When DeBernardis founded the race almost 26 years ago, he could count by hand the number of houses on Oracle Road.
Now, with a much busier Oracle under construction, the route will pass more houses than ever before.
Riders will use Calle Concordia, La Cañada Drive, Naranja Drive and First Avenue before rejoining the route at Moore Road.
The race’s start/finish line was moved to Church Avenue between Alameda and Pennington streets, and the Silverbell Road stretch has been moved to the Interstate 10 frontage road, ideally creating a smoother and less-congested race.
But being closer to more homes on the new route necessitates more security.
“Can we eliminate all accidents? I don’t think so,” DeBernardis said. “There are people that are irresponsible — both bicyclists and motorists.”
El Tour’s safety concerns mirror those of Southern Arizona.
According to the Pima Association of Governments Bicycle Crash Analysis presented in May 2009, there were 359 crashes in Greater Tucson in 2008, four fewer than the year before. There were seven bike fatalities in 2008.
From 2001-08, there were 39 cyclist fatalities and 342 cyclists left incapacitated.
Tom Thivener, the city of Tucson’s bicycle and pedestrian program manager, said he purchased “Share the Road” public safety announcements to fit around El Tour.
There’s a reason — Southern Arizona usually has more crashes in the months leading up to El Tour. From 2001-08, crashes averaged 39.8 in October and 34.5 in September. No other months had more.
“When El Tour comes up, the buildup is a lot more cyclists training,” Thivener said. “It’s the loveliest weather, and people are training for El Tour.”
Tucsonan Mark Zajicek, 60, who rides 20 miles each way to work on his bicycle, said Tucson’s grid of straight streets might make it easier for motorists to ignore cyclists in their peripheral vision.
The secret for El Tour, he said, is not to feel too comfortable.
“Cyclists can’t get into the false sense of security that, ’We own the road today,’ ” he said. “You can’t take for granted that everyone’s going to obey security, or that they’re going to manage the crowds.”
Sometimes, though, rage flares. Earlier this month, Christopher Thompson, a Los Angeles-area emergency room doctor, was convicted of mayhem, assault with a deadly weapon and other charges for intentionally slamming his brakes and injuring two Los Angeles cyclists. He will be sentenced to up to 10 years in prison in December.
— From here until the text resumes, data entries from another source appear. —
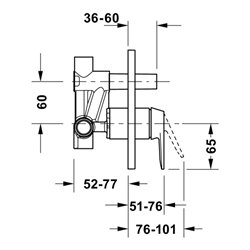 Duravit Fertigmontageset Manhattan UP-WA.-EHM, Umst m aut. Rückst, sw ma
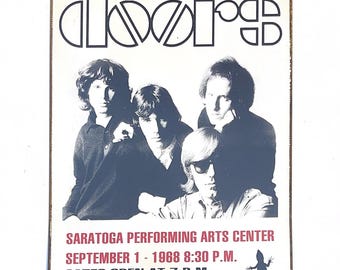 The Doors 1988 concert Ticket Metal sign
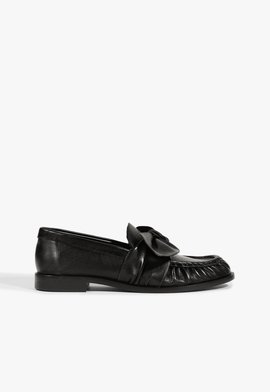 Mocassim Tyche Couro Preto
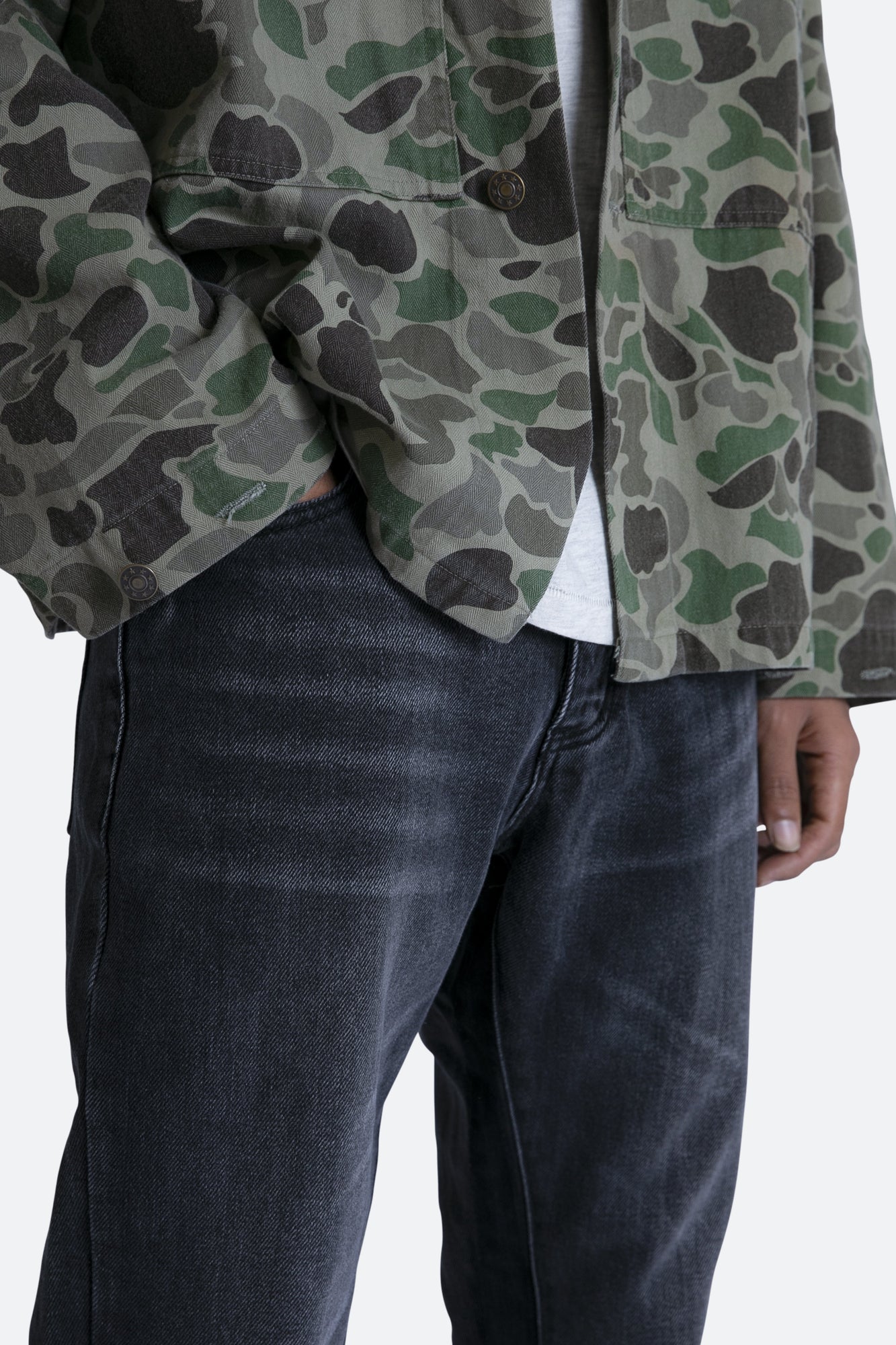 B119 Flare Denim | Black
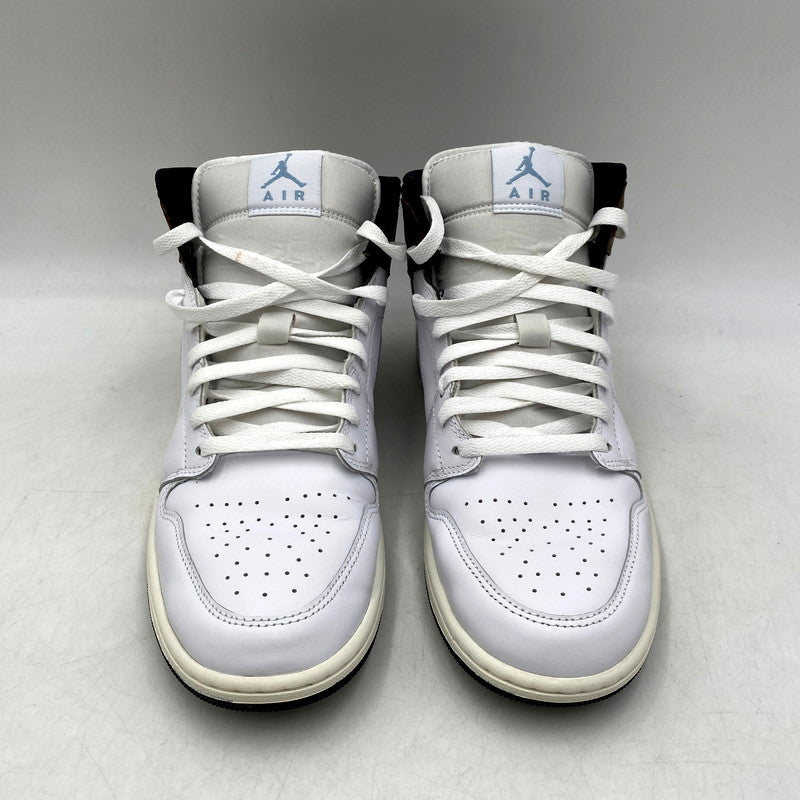 【中古品】【メンズ】 NIKE ナイキ FQ7831-142 AIR JORDAN 1 MID SE エアジョーダン1 ミッド WHITE/BLACK/SAIL/BLUE GREY スニーカー シューズ 靴 160-241029-mm-13-izu サイズ：28.5cm カラー：ホワイト/ブラック/セイル/ブルーグレー 万代Net店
Zajicek, who has been riding for 50 years, said the trial proved that “incidences are going to have consequences for both parties.” In his experience, however, Zajicek has found Southern Arizonans to share the road without incident “more than 95 percent of the time.”
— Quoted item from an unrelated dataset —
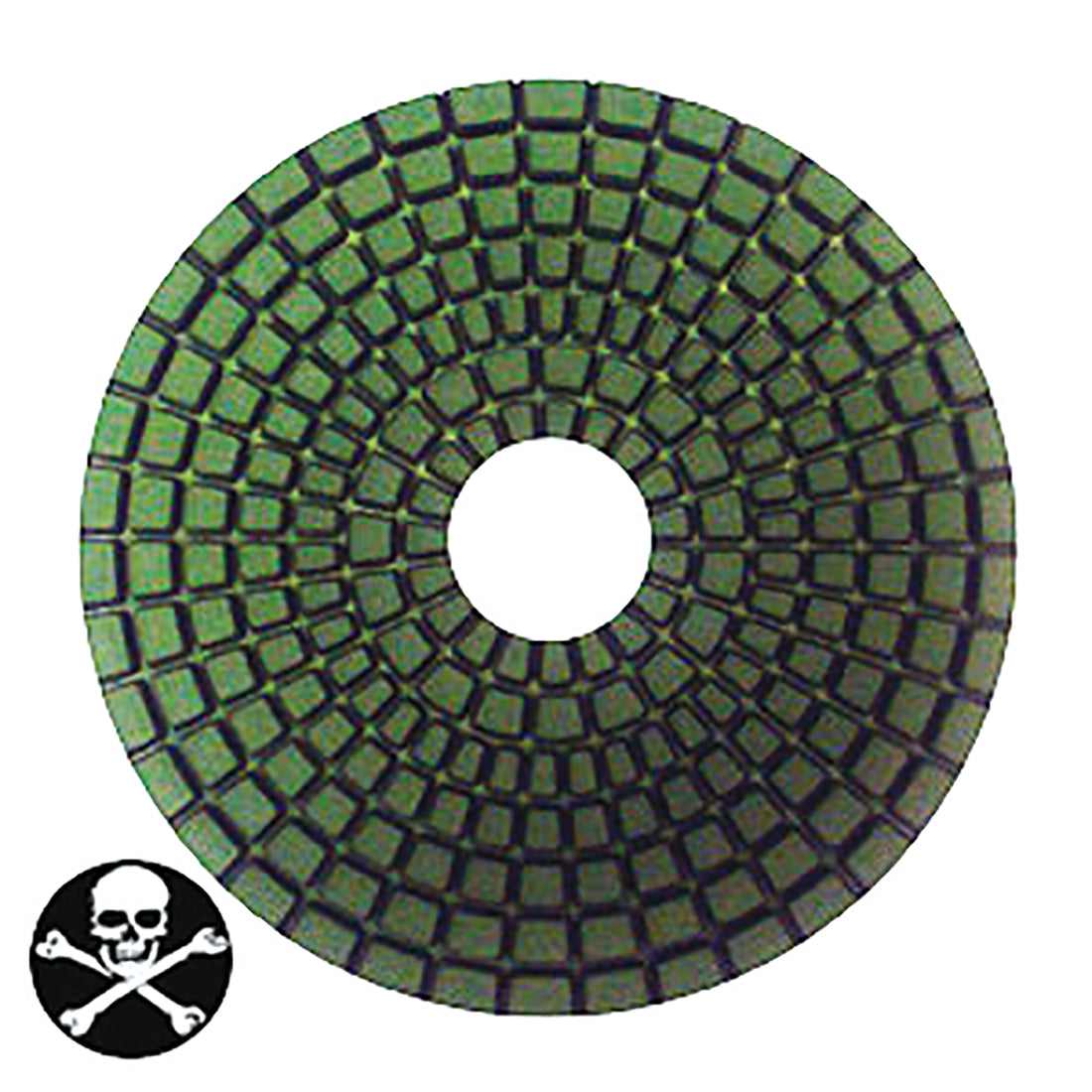 4" PREMIUM WET POLISHING PAD (3MM)-1500 GR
DeBernardis said he has noticed “more anger out there between motorists and cyclists,” but that tends to be quelled by education.
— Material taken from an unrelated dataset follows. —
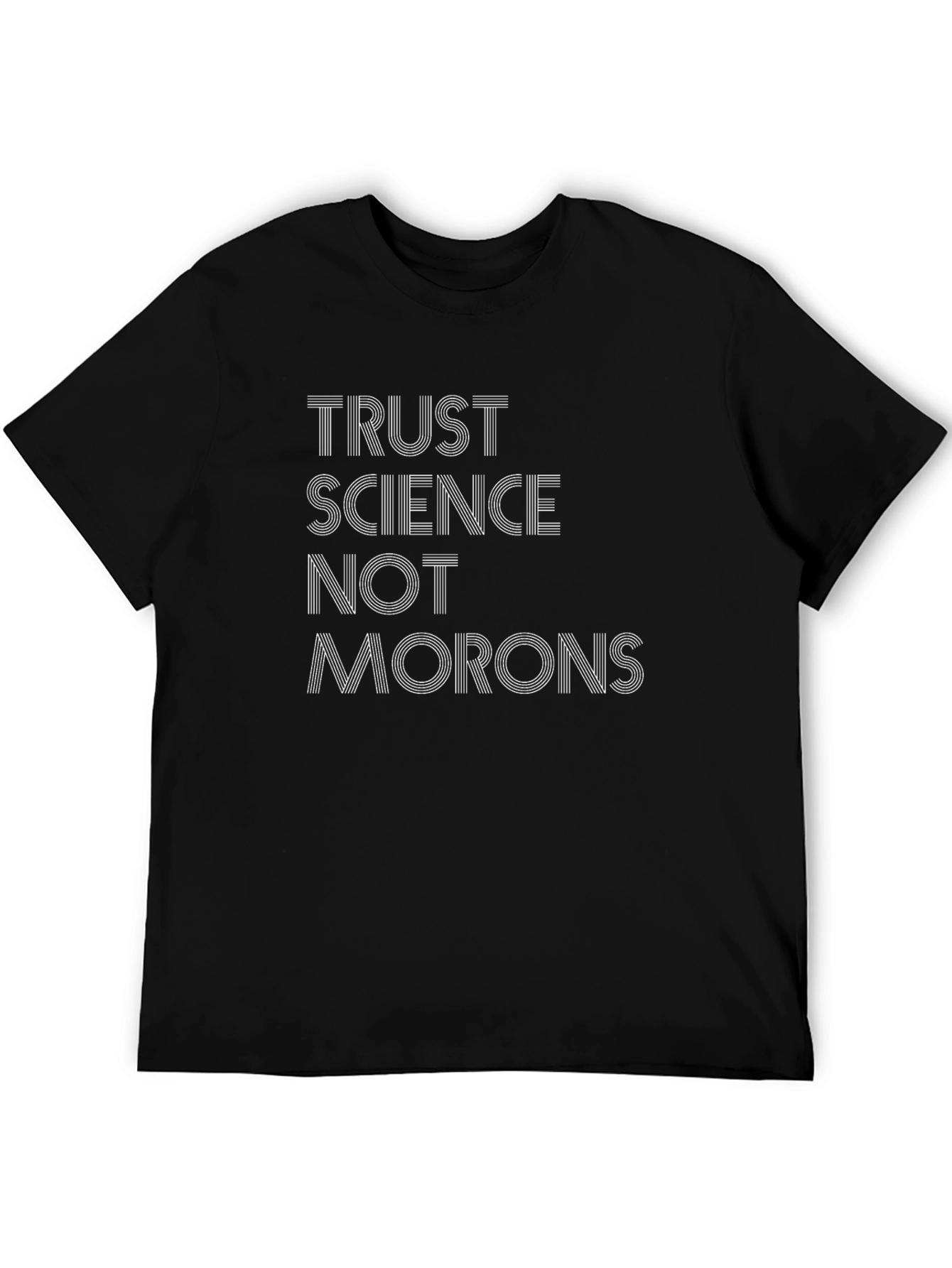 Black Trust Science Tee - Black Graphic T-Shirt view 5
That’s why El Tour will be broadcasting every 15 minutes on KOOL (1450-AM) on Saturday, starting at 7 a.m. At 11 a.m., when most riders are out on Tucson roads, El Tour will broadcast for a full hour.
The more drivers that know where the racers are, the less likely there will be a repeat of last year’s accident. At least that’s the hope.
“The safest time to ride our streets is that day, on El Tour de Tucson,” DeBernardis said. “It’s more supported with police and event equipment than ever before.”